▸ Recorded data:
▽
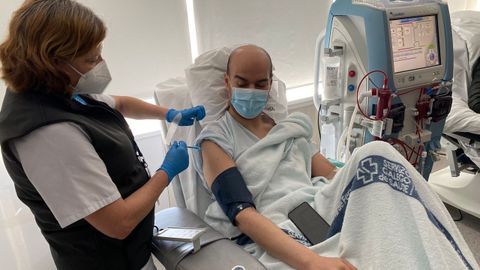 Vacunación de un enfermo de diálisis en Ferrol
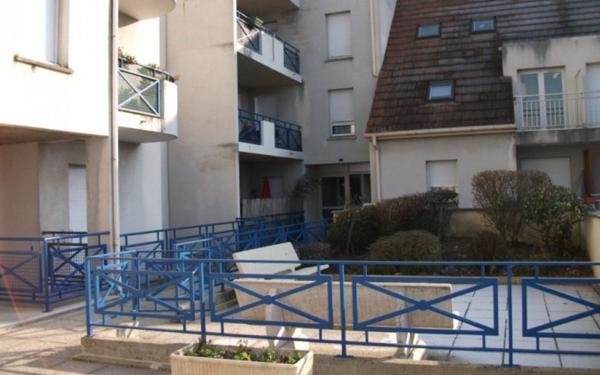 Appartement à louer    1 pièce •  Villenoy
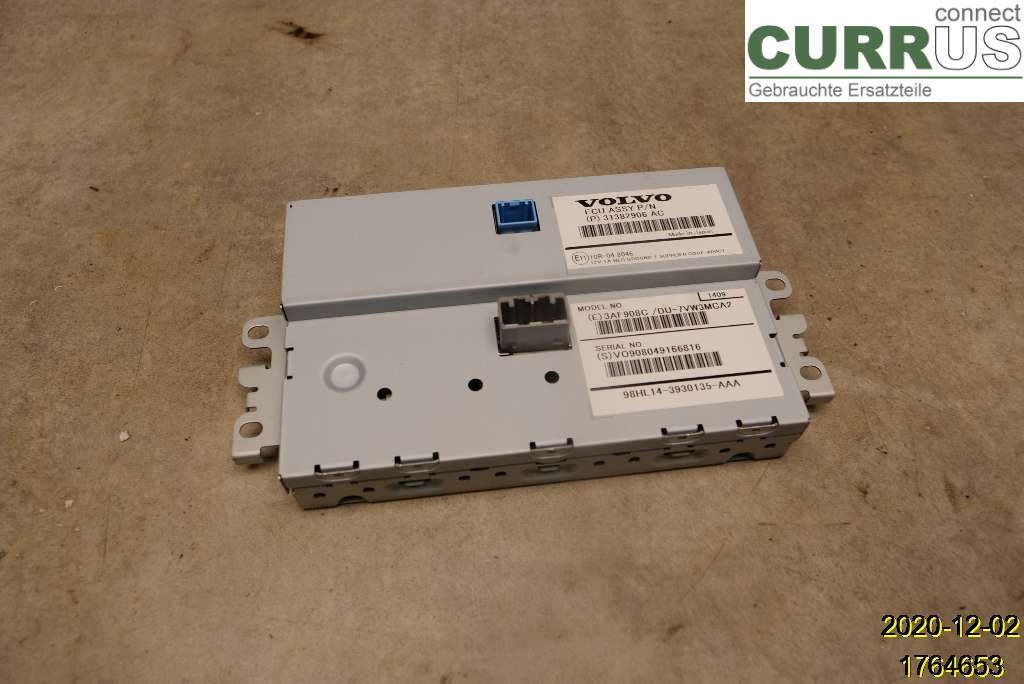 VOLVO V70 14-16 Monitor 36011464 D4204T5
△
▸ Exercise goal:
What is needed is the listing above, repeated verbatim, without its images.

▸ Completed task:
 Vacunación de un enfermo de diálisis en Ferrol
 Appartement à louer    1 pièce •  Villenoy
 VOLVO V70 14-16 Monitor 36011464 D4204T5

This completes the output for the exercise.